Juan Romero elude la perspectiva y cultiva asiduamente la bidimensionalidad del cuadro. Pero al trabajar así la superficie no puede quedar en bruto, el pintor debe elaborarla. En Mi amigo Rino el acogedor campo de flores forma una suelta orla en brillante azul-verde que reitera el plano del lienzo a la vez que suaviza y aligera su tersura. En esa orla aparece la figura del animal que está sin embargo ceñida por una segunda orla: en ella el azul se pierde y el verde se oscurece. Esta segunda orla funciona como un surco: hunde suavemente el plano y así la figura del rinoceronte se adelanta como ilusorio abombamiento. Los colores cálidos de las placas del animal colman el esfuerzo para enfatizar su volumen.

Romero fue a París buscando a Picasso pero encontró 'además' a Dubuffet y Paul Klee

Recorriendo con calma la exposición se comprueba que la potencia de la estructura del cuadro es a la vez virtud y preocupación de Juan Romero. Vean si no Pueblo en fiesta. Toda la parte baja del cuadro se organiza en sucesivos frisos horizontales cuya capacidad ordenadora no se debilita por las aves, flores y círculos alojados en ellos.
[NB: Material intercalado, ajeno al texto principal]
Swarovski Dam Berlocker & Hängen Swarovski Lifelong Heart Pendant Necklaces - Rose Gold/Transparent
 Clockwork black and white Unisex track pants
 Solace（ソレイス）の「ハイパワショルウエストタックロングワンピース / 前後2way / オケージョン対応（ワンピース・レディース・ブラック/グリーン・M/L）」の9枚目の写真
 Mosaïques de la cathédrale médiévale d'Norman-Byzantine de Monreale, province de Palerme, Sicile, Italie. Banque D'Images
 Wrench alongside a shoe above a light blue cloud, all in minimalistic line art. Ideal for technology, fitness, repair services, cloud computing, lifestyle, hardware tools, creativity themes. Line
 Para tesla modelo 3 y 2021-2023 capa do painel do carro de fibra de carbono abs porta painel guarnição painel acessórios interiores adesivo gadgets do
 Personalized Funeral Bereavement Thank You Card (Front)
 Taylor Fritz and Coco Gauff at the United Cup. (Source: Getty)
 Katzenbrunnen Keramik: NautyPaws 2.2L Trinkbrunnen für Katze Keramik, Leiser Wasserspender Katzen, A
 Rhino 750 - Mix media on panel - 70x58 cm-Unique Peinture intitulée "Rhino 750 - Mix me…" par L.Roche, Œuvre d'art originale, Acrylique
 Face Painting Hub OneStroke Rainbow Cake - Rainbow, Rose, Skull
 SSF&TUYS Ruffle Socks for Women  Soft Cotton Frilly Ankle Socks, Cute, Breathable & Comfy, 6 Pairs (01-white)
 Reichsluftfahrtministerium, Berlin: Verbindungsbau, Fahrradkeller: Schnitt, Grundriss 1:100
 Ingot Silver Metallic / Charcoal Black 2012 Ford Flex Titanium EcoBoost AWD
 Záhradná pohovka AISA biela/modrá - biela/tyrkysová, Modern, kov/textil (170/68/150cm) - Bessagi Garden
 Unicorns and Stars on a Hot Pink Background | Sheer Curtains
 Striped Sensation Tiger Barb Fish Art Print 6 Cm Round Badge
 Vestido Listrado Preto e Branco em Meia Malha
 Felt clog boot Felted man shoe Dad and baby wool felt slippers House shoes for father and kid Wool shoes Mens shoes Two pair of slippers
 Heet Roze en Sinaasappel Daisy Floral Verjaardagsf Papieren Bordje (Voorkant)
Sobre esos frisos se encarama el pueblo: una cuidada construcción de formas geométricas. Rectángulos, trapecios, triángulos y círculos aseguran su consistencia, mientras algunos vértices aseguran el sentido ascendente del conjunto. Éste además se subraya al estar inscrito en una suerte de nube entre gris y violeta (que contrasta con el intenso color de las casas) cuya ligereza se fortalece con formas circulares. La nube, finalmente, aparece en un cielo amarillo-anaranjado que completa el trabajo dándole especial brillantez. La firme estructura puede pasar desapercibida por la minuciosidad de las figuras y la vivacidad del color, pero unas y otro adquieren protagonismo gracias a su contraste con la consistencia de la estructura. De la fecundidad de este contraste da fe en este mismo cuadro la palmera que aparece a la izquierda. Queda fuera de la estructura: de la nube gris-violeta, del entramado de casas, de los filtros y por eso introduce un ritmo peculiar, un tiempo de descanso para la mirada, no exento de humor.

La capacidad de estructurar y construir suele ser característica de consumados dibujantes que con unos pocos trazos logran organizar el plano frunciendo la superficie del papel o el lienzo, alargando su horizontales, potenciando las direcciones verticales. A veces se contentan sólo con abrir aquel plano para que de él brote con decisión una figura capaz de reposar en si misma. Es el caso del cuadro titulado La arlesiana. La obra es otro homenaje, en esta ocasión a Van Gogh y Gauguin, y a sus retratos de Mme. Ginoux, aunque la pieza de Romero recuerda más bien a las mujeres de Pont Aven que Gauguin recoge una y otra vez con sus complicadas tocas. Juan Romero dispone cuatro rectángulos sucesivos y enmarca en el más pequeño el rostro de la mujer, en alusión al rígido almidonado usado por las muchachas bretonas, mientras expande la toca en una potente fantasía de color. Así el cuadro se convierte en un sucesivo juego de constricción y expansión, en estrecha coherencia con el rostro de la muchacha, su protagonista.

A veces se habla de los pintores sevillanos de los cincuenta como de una generación rompedora. Ciertamente lo fueron. Pero más importante parece ahora la consistencia de su obra. Romero fue a París buscando quizá a Picasso pero encontró además a Dubuffet y Paul Klee. Fueron los tres catalizadores de una obra muy personal, sostenida e incansable. Compruébenlo en cada cuadro: abajo, confundida con otros grafismos, aparece la firma, la fecha y una misteriosa cifra que puede dar idea del incesante trabajo de Juan Romero.